→ **WHAT YOU NEED TO DO**:
Take the lines from the one with "beuatiful and romantic" through the end of the material below and repeat them exactly, dropping every picture.
______
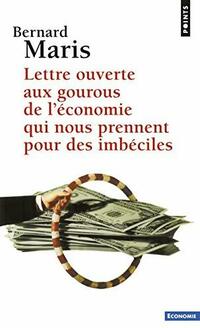  Achetez le livre d'occasion Lettre ouverte aux gourous de l'économie qui nous prennent pour des imbéciles de Bernard Maris sur Livrenpoche.com 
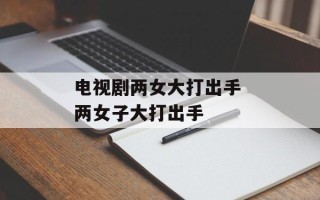 电视剧两女大打出手 两女子大打出手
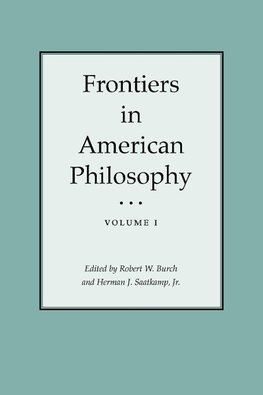 Frontiers in American Philosophy Volume I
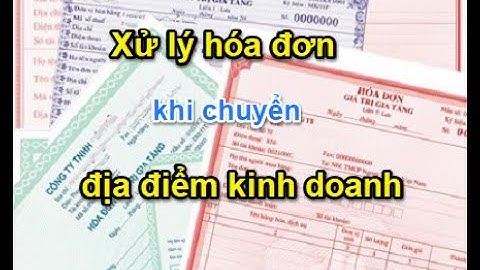 Cách xử lý hóa đơn khi chuyen quan năm 2024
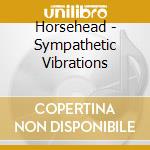Horsehead - Sympathetic Vibrations cd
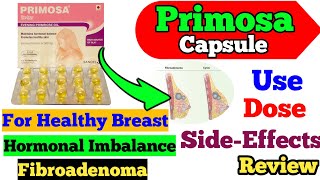 Primosa Capsule Use Dose SideEffects Precautions And Review [upl. by Eilrebmik]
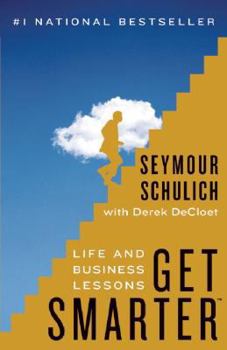 Hardcover Get Smarter: Life and Business Lessons Book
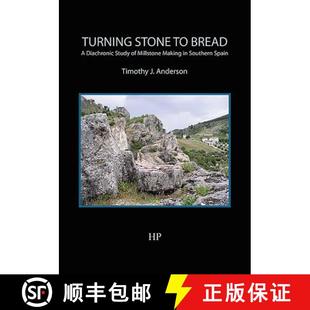【3-4周达】Turning Stone to Bread: A Diachronic Study of Millstone Making in Southern Spain [9780992633653]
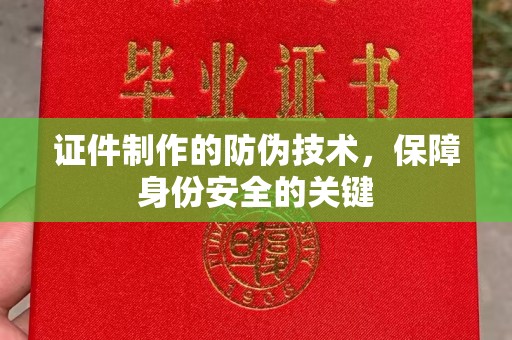 神农架证件制作的防伪技术，保障身份安全的关键
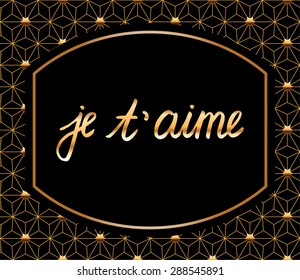 beuatiful and romantic postcard template with French "I love you" text on exquisite art deco background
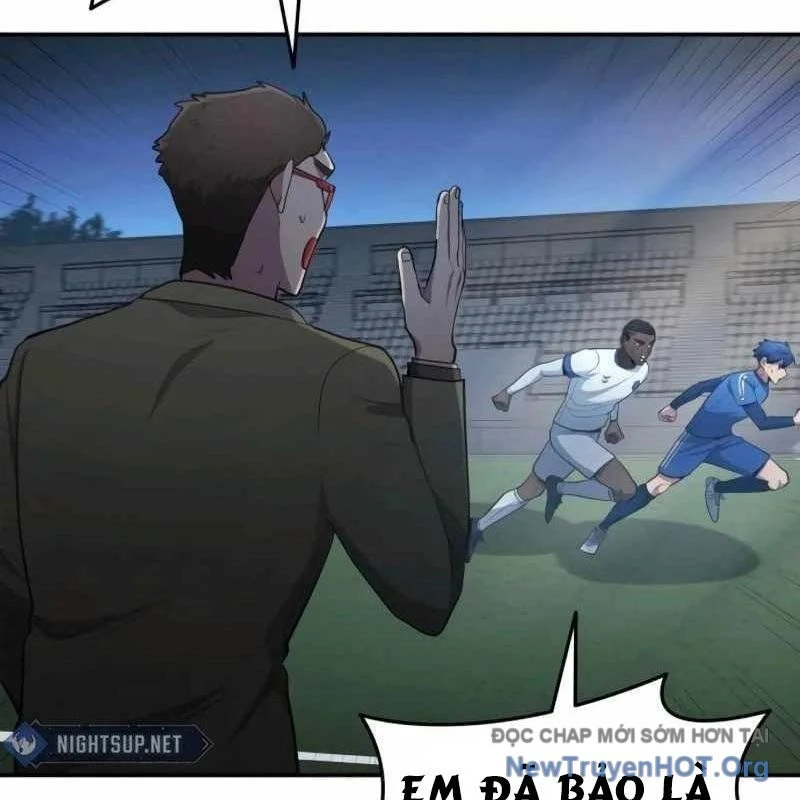 Thiên Phú Bóng Đá, Tất Cả Đều Là Của Tôi! Chapter 101 - Trang 3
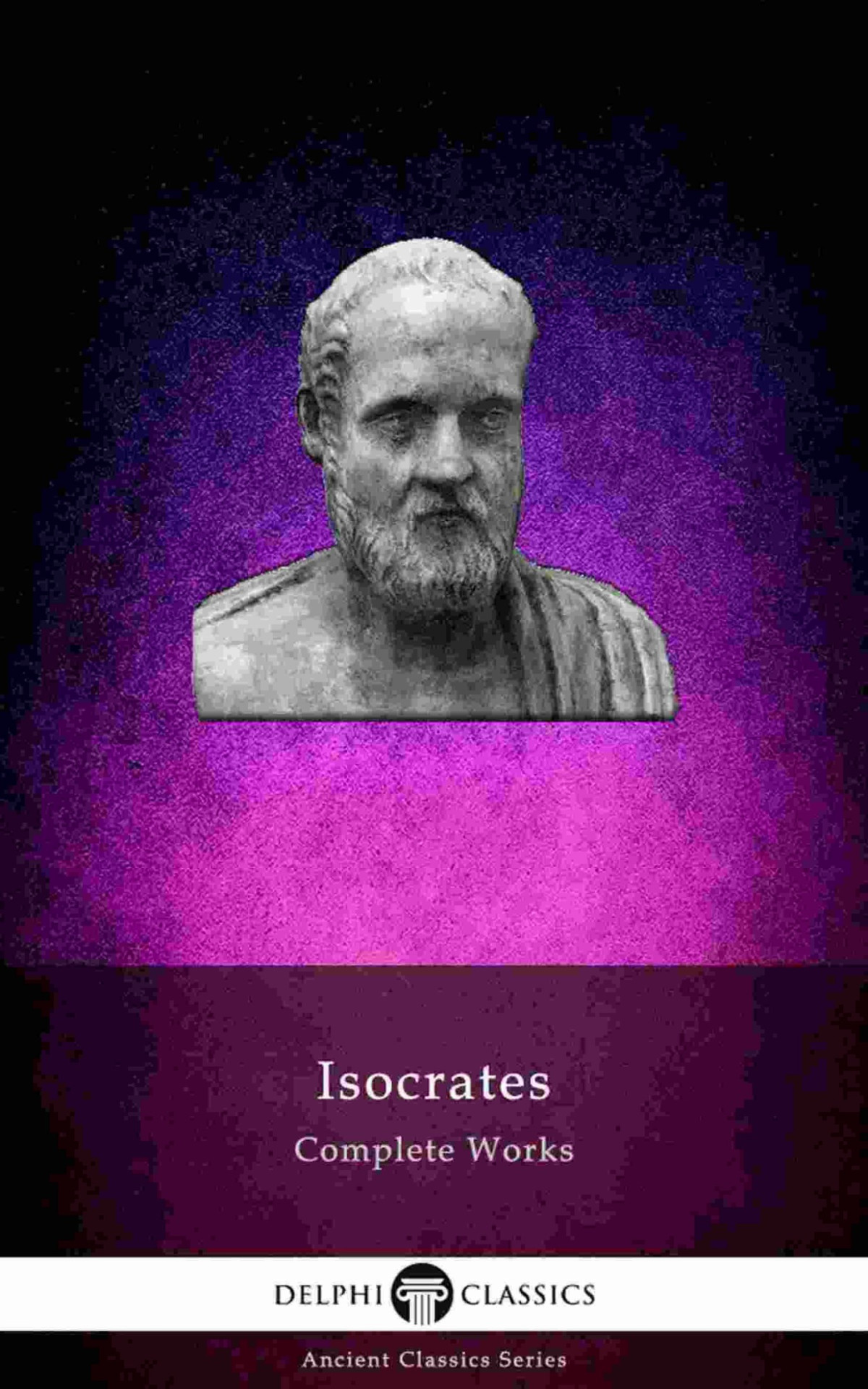 Delphi Complete Works Of Isocrates Illustrated Delphi Ancient Classics Book 73 Isocrates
______
→ **RESPONSE AREA**:
 beuatiful and romantic postcard template with French "I love you" text on exquisite art deco background
 Thiên Phú Bóng Đá, Tất Cả Đều Là Của Tôi! Chapter 101 - Trang 3
 Delphi Complete Works Of Isocrates Illustrated Delphi Ancient Classics Book 73 Isocrates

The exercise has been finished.